Comment 1 Lalatendu Mohanty 2020-03-18 14:31:13 UTC
We're asking the following questions to evaluate whether or not this bug warrants blocking an upgrade edge from either the previous X.Y or X.Y.Z. The ultimate goal is to avoid delivering an update which introduces new risk or reduces cluster functionality in any way. Sample answers are provided to give more context the UpgradeBlocker flag has been added to this bug. It will be removed if the assessment indicates that this should not block upgrade edges.

Who is impacted?
  Customers upgrading from 4.2.99 to 4.3.z running on GCP with thousands of namespaces, approximately 5% of the subscribed fleet
  All customers upgrading from 4.2.z to 4.3.z fail approximately 10% of the time
What is the impact?
  Up to 2 minute disruption in edge routing
  Up to 90seconds of API downtime
  etcd loses quorum and you have to restore from backup
How involved is remediation?
  Issue resolves itself after five minutes
  Admin uses oc to fix things
  Admin must SSH to hosts, restore from backups, or other non standard admin activities
Is this a regression?
  No, it’s always been like this we just never noticed
  Yes, from 4.2.z and 4.3.1

Depending on the answers to the above questions we can remove UpgradeBlocker keyword.

Comment 2 Michal Fojtik 2020-03-18 15:33:05 UTC
Who is impacted?
  All customers upgrading from to 4.3.5 that run workloads which use service-ca for certs.
  All customers that install fresh 4.3.5 cluster will be affected on rotation after 13 months if they don't upgrade.

What is the impact?
  All workloads that use non-golang SSL network clients which use service-ca to communicate with platform or between each-other (eg. curl). 

How involved is remediation?
  Manual rotation of service-ca will fix the cluster for the next rotation (13 months).

Is this a regression?
  Yes, this was introduced as part of the automated service-ca rotation and released on March 10 in 4.3.5.
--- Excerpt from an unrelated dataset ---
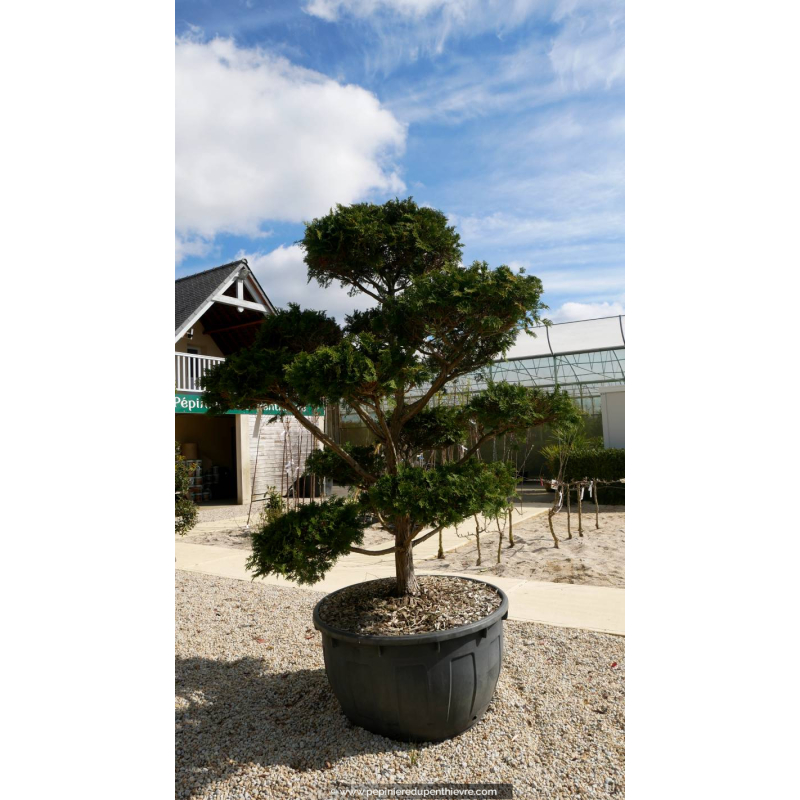 CHAMAECYPARIS obtusa 'Nana Gracilis' Bonsaï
Comment 3 Michal Fojtik 2020-03-18 15:34:48 UTC
>  All customers upgrading from to 4.3.5 that run workloads which use service-ca for certs.

s/from//

Comment 4 Lalatendu Mohanty 2020-03-18 15:35:27 UTC
(In reply to Michal Fojtik from comment #2)
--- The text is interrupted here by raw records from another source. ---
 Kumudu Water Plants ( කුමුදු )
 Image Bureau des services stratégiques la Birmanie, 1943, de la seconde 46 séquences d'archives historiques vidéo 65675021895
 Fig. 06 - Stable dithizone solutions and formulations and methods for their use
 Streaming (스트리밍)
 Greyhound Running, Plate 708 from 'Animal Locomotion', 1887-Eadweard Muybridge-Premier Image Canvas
> How involved is remediation?
>   Manual rotation of service-ca will fix the cluster for the next rotation
> (13 months).

Can you please add the step for manual workaround. It would be useful for CEE

Comment 5 Michal Fojtik 2020-03-18 15:38:26 UTC
> Can you please add the step for manual workaround. It would be useful for CEE


https://docs.openshift.com/container-platform/4.3/authentication/certificates/service-serving-certificate.html#manually-rotate-service-ca_service-serving-certificate

Comment 9 errata-xmlrpc 2020-03-24 14:34:26 UTC
Since the problem described in this bug report should be
resolved in a recent advisory, it has been closed with a
resolution of ERRATA.

For information on the advisory, and where to find the updated
files, follow the link below.

If the solution does not work for you, open a new bug report.

https://access.redhat.com/errata/RHBA-2020:0858

Comment 10 W. Trevor King 2021-04-05 17:46:35 UTC
Removing UpgradeBlocker from this older bug, to remove it from the suspect queue described in [1].  If you feel like this bug still needs to be a suspect, please add keyword again.

[1]: https://github.com/openshift/enhancements/pull/475